We ask members of teams what their shared purpose is. We ask individuals what the purpose of the business is that they’re contributing to. In a lot of cases, we get very different answers, showing that people aren’t really connected to the same, single purpose. We see people competing internally for reward and recognition, creating lots of individual purpose, rather than a united front. Organisations assume that people know there’s a shared purpose, rather than making sure the shared purpose glues everything and everyone together. If you want high performance, get connected!

Five performance truths

The brutal reality of high performance life – this is what you need to know

  1. When people know they’re working towards a shared goal with their colleagues, motivation levels are higher; it’s that simple.
  2. In the rush to get on with delivering results, businesses don’t take enough time making sure everyone involved has a great sense of how they all benefit from being truly connected to the shared goal.
  3. Many reward and recognition strategies actually promote independent success and reduce a sense of being connected to shared success. Not very clever.
  4. If people use the word ‘silo’ in your business, you’ve got a fundamental motivation problem due to people not feeling connected.
  5. Your simplest way to check how connected people are is to ask everyone, “what is the shared goal that we’re working towards?” If you don’t get the same answer from everyone, you’re not working hard enough on being connected.

Three things to do

  1. For every key working relationship you have, take the time to have a conversation that starts with the question, “what is the single most important shared goal that you and I are working together on?”
  2. For every team that you’re working on, take every opportunity to share with people how you’re playing your part in helping to achieve the shared goal of the team.
  3. If you don’t feel connected to any specific individuals, then don’t wait for them to improve the relationship, go and start a simple conversation to improve how you’re working together to make the most of each others skills, knowledge and experience. Now. Go on.

A TOOL TO GET GOING

Joe’s story

Joe was in a team meeting where he was asked to speak about a time in his career when he felt most motivated. Immediately, he recalled the time he spent on a project team in his previous company. The people listening to him could see his pride in how that team had created a great working bond and really looked forward to turning up to work every day to get the most out of each other.

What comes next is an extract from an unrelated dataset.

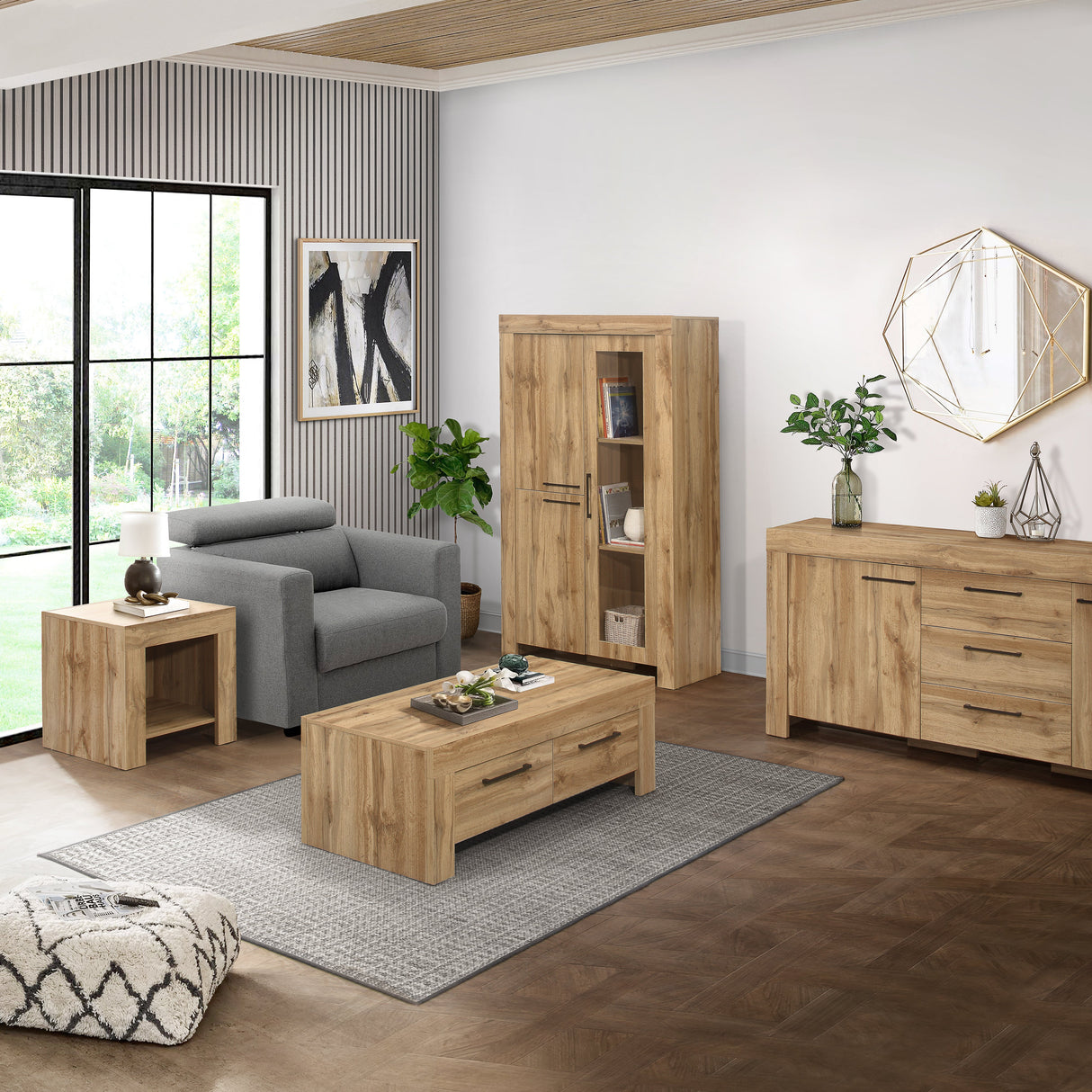 Compton 4 Drawer Coffee Table - Birlea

Joe talked about the quality of trust and respect that everyone in the team had for each other and how they stayed really focused on the team goal of successfully delivering a complicated project in a short space of time.

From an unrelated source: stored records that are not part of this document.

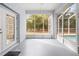 Screened in porch with pool view at 14325 Highgrove Rd, Brooksville, FL 34609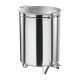 Gastro M RVS Pedaalemmer met Wielen 50L
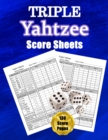 Triple Yahtzee Score Sheets : 130 Pads for Scorekeeping - Triple Yahtzee Score Cards - Triple Yahtzee Score Pads with Size 8.5 x 11 inches (Triple Yahtzee Score Book) - Book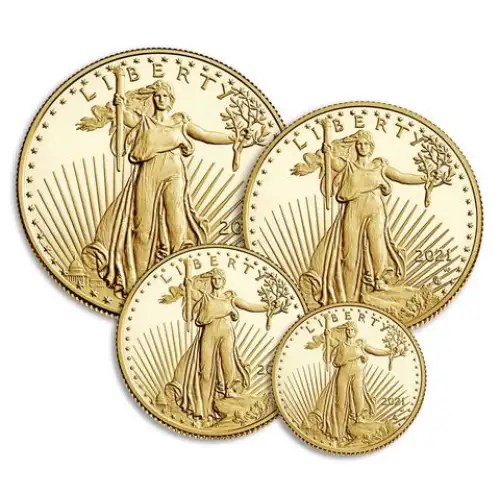 2021 Type 2 - Gold Proof Four-Coin Set - with Original Govt Packaging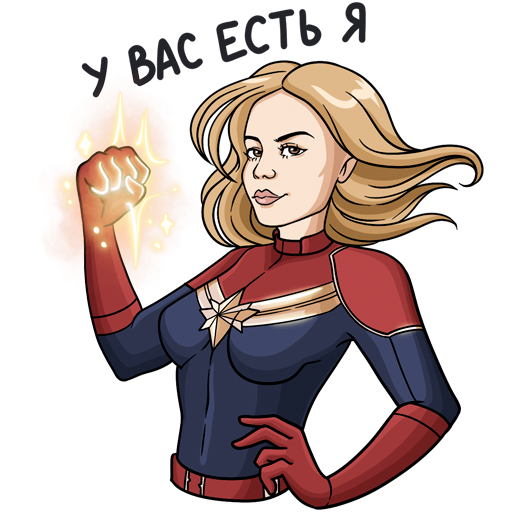 Стикеры Мстители ВК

As he shared his memories, Joe realised just how important this sense of togetherness was for him and his motivation. He knew he was confident in his role and he always felt pretty much in control of his day-to-day work, but without the starting point of being part of a great team of people, he knew his confidence and control would drop-off pretty quickly.

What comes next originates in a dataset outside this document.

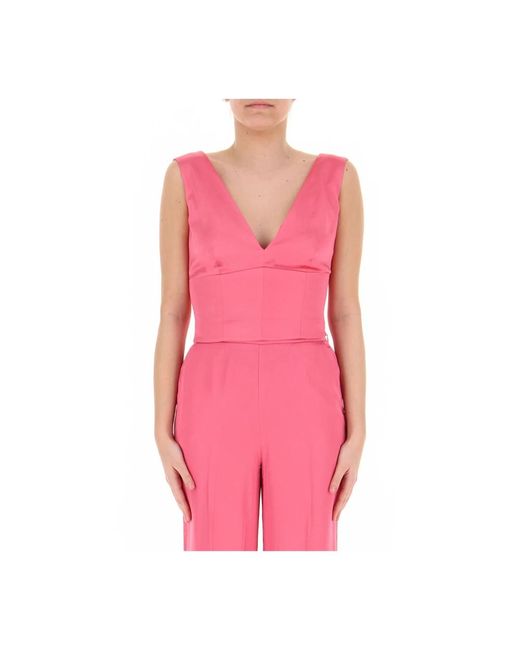 Tops > sleeveless tops Guess en coloris Pink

He also realised that he was taking many of the relationships on his team for granted and that he wasn’t doing all he could to make sure his team was superbly connected. As a result, his current team wasn’t as good as it could be.

Joe went back to each member of the team he was part of and went through a simple list of questions with them.

  1. What are we working on together to help the team be successful?
  2. What do we need to do for each other to ensure we’re using each other’s knowledge, skill and experience to work superbly together?
  3. What do we need to do to keep building our trust and respect for each other as we work together on the current project?

He also made a plan to repeat this exercise at the beginning of every quarter to make sure he didn’t take being connected for granted.

Simply by having the conversations, his sense of connectedness increased and he quickly felt he was delivering with more focus and purpose with his team at work. Now he’s wondering if it would make a difference with his pub quiz team too.